Work item: Copy every entry verbatim and skip the pictures.

Brief descriptive captions:
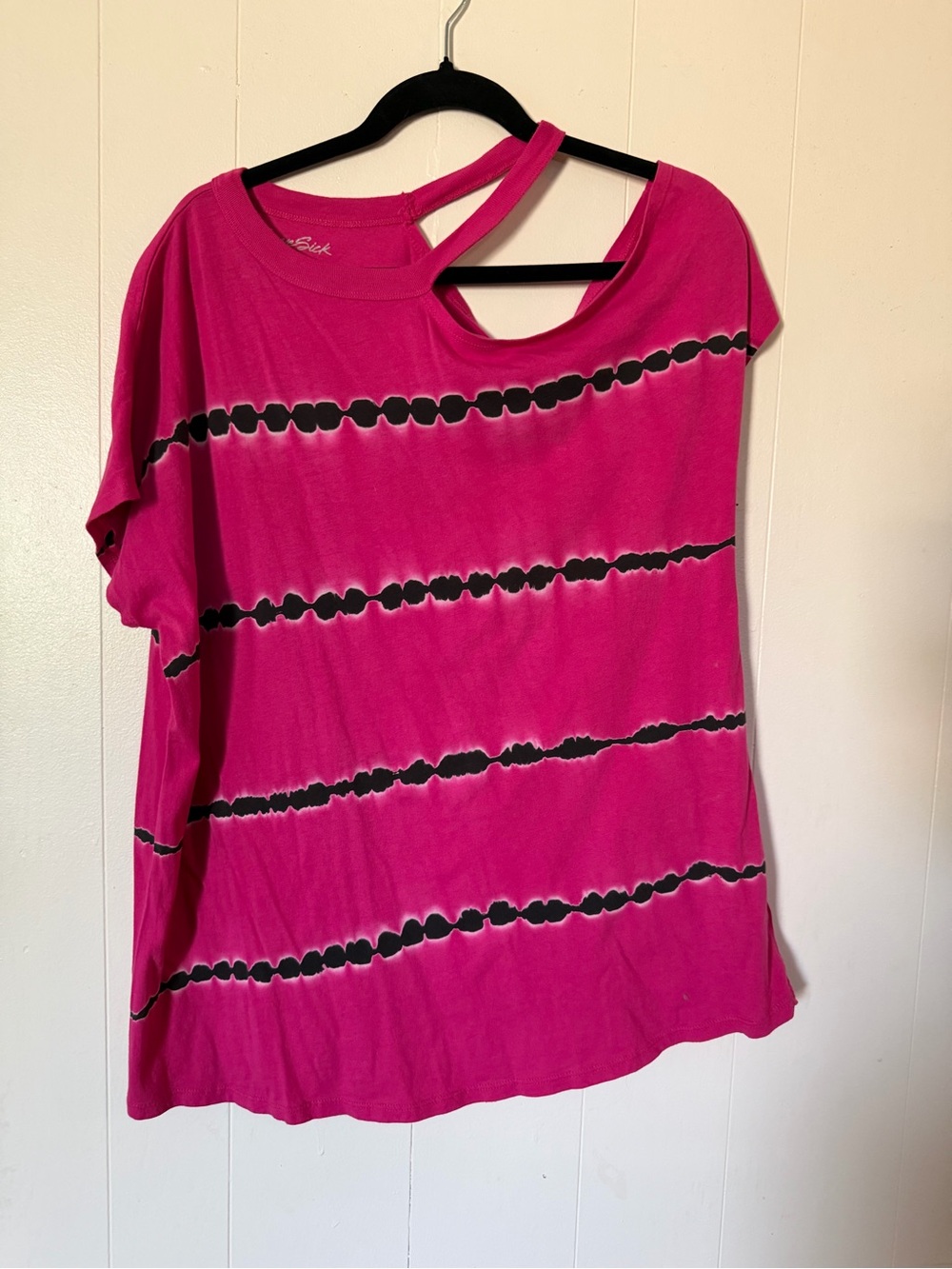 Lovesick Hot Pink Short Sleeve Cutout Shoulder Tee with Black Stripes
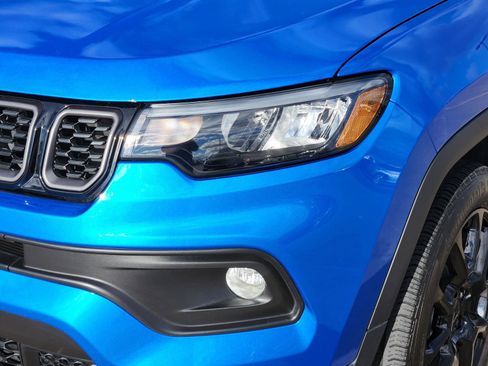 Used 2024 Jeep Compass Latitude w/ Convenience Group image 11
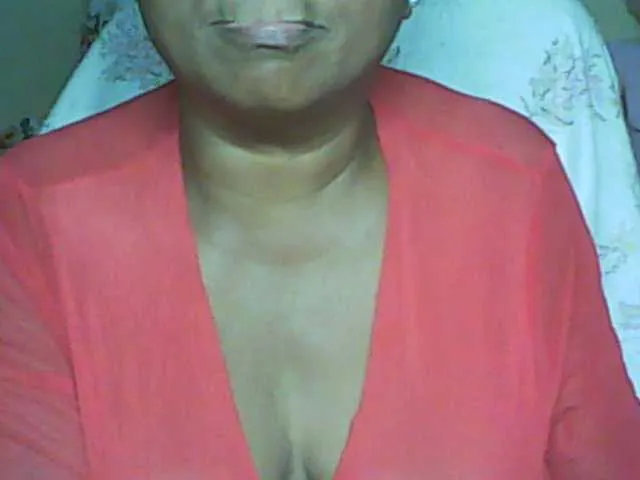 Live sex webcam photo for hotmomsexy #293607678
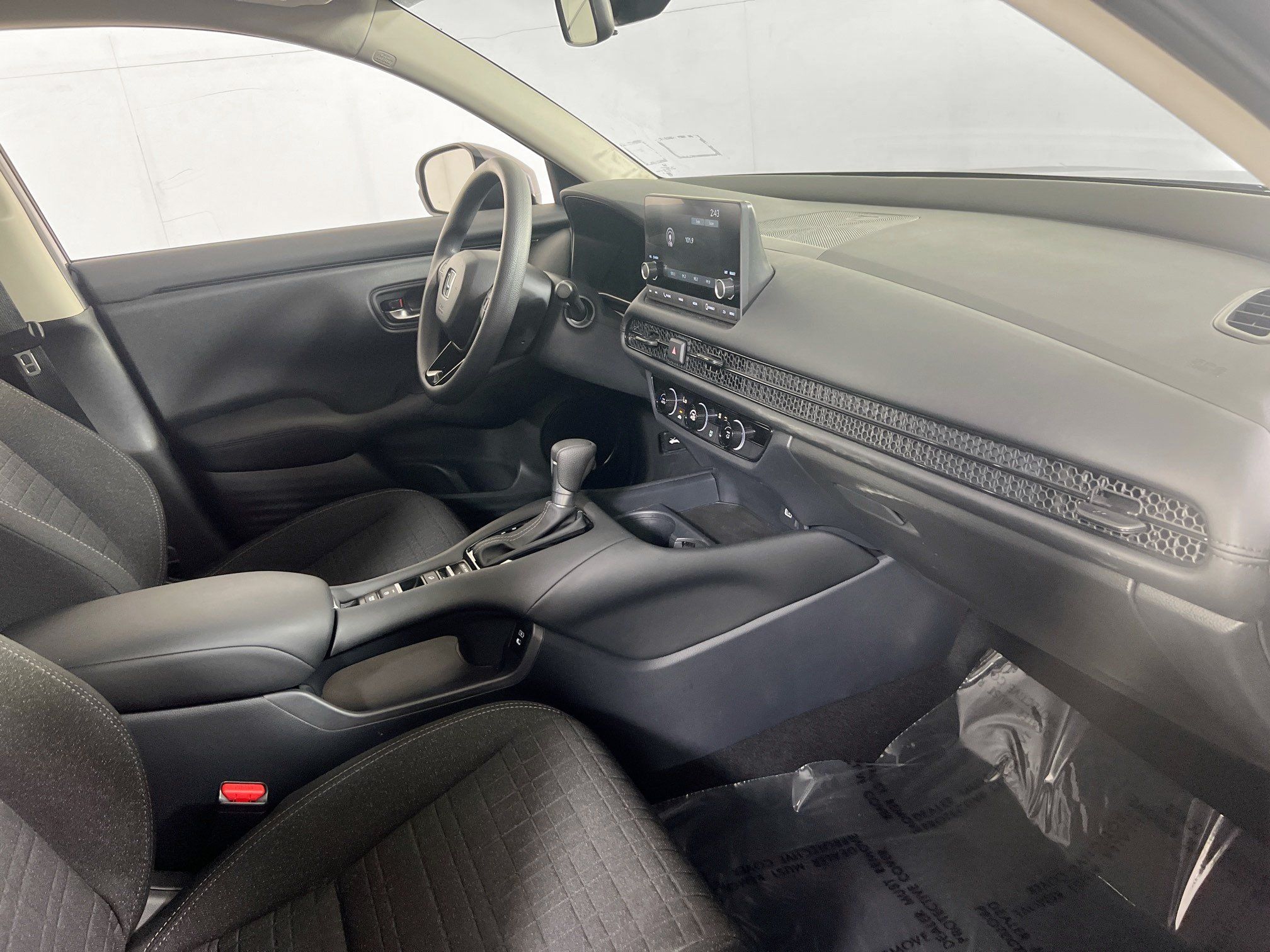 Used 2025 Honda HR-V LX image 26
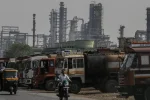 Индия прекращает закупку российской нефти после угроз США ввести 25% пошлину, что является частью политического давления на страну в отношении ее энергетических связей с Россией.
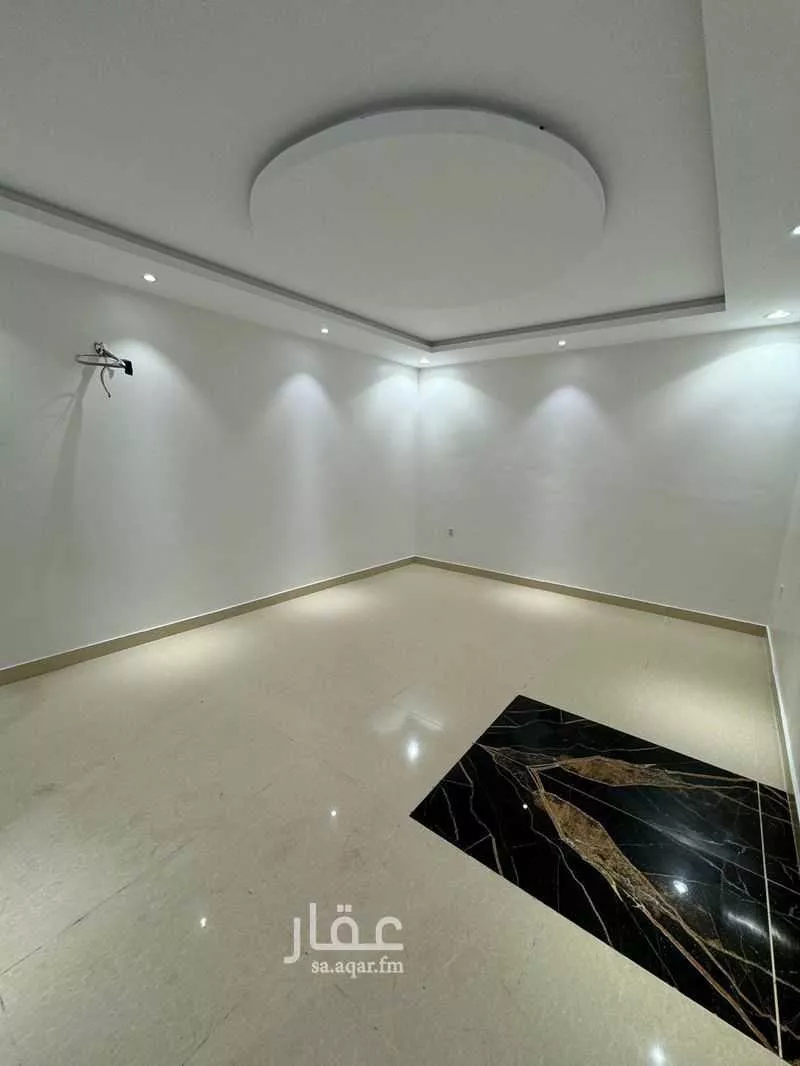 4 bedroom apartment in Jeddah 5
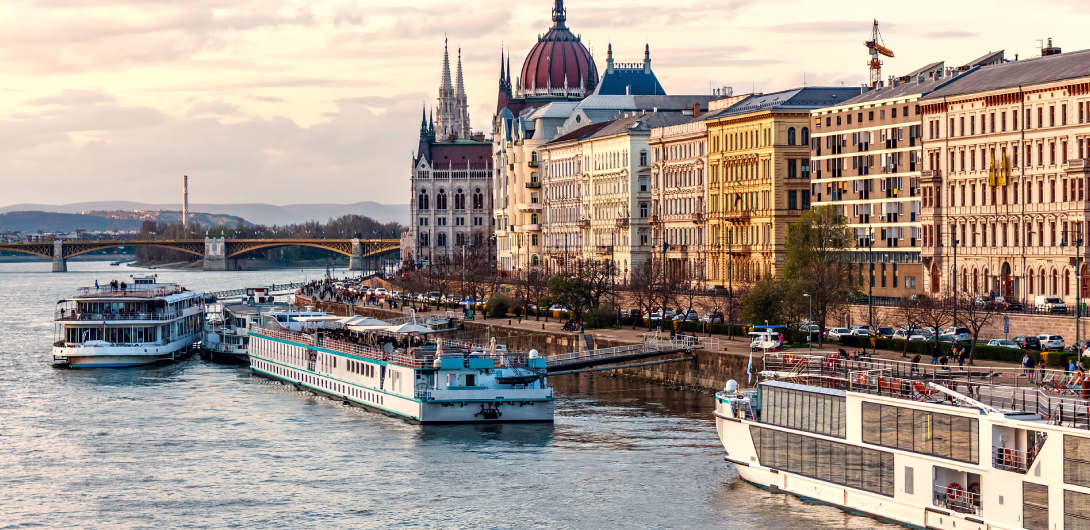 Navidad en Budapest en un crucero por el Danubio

Problem solution:
 Lovesick Hot Pink Short Sleeve Cutout Shoulder Tee with Black Stripes
 Used 2024 Jeep Compass Latitude w/ Convenience Group image 11
 Live sex webcam photo for hotmomsexy #293607678
 Used 2025 Honda HR-V LX image 26
 Индия прекращает закупку российской нефти после угроз США ввести 25% пошлину, что является частью политического давления на страну в отношении ее энергетических связей с Россией.
 4 bedroom apartment in Jeddah 5
 Navidad en Budapest en un crucero por el Danubio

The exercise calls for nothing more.